During the spring and summer, when it’s warm and light, Edelson goes on long walks with his dog or throws a ball around to clear his mind after a long day of school. Unfortunately, this is “unfeasible in the winter,” he said. The Cold Spring resident leaves his house to catch the train at 6:15 a.m., when it is still dark. He returns home at 7 p.m., repeating that schedule each weekday. 

He said his level of motivation “takes a dip” when winter starts. He struggles to complete his homework in the evening, and not just because he is a 12th-grader with senioritis. “It’s certainly tough, especially coming home when it feels like the day is already over,” he said. 

Lynne Ward, a licensed clinical social worker with a practice in Cold Spring, said that sunlight boosts serotonin, a hormone that elevates people’s mood and energy. When people spend more time indoors during the winter because it’s cold, their serotonin levels go down, she said. The decline also affects melatonin, a hormone that regulates sleep. 

“With the lack of sunlight and serotonin, we have less energy in the winter, which affects our melatonin hormones and makes us more tired,” said Ward.
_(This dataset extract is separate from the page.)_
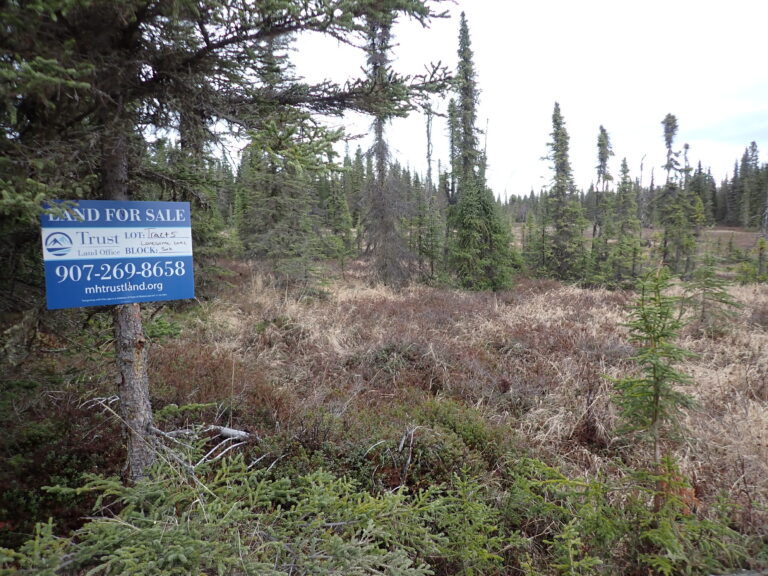 
								9201051 - S20055_1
Despite having fewer choices during the winter, getting outside in sunlight is important for children and teens, said Ward. She noted that young people who deal with seasonal affective disorder should “make sure they have something to look forward to on the weekends,” and “force themselves to follow through with plans, because, if not, there is the danger of feeling isolated.”

She also recommends exercise, which boosts serotonin levels, and the use of a light box, which mimics outdoor light. 

Marrison, who lives in Garrison, sometimes does not return home until 8:30 p.m., when she is too tired to get work done. Instead, she tackles much of her homework during free periods at school and on weekends. “If I get behind, I do it on the morning train or cram it in at breakfast,” she said. “I am not an evening person, so this is what works for me.” 

This fall, Marrison tried to spend more time outside by taking walks when she got home or walking with friends at school. That routine proved to be “a great outlet” because she gained social time. She also found it easier to work when she went back indoors.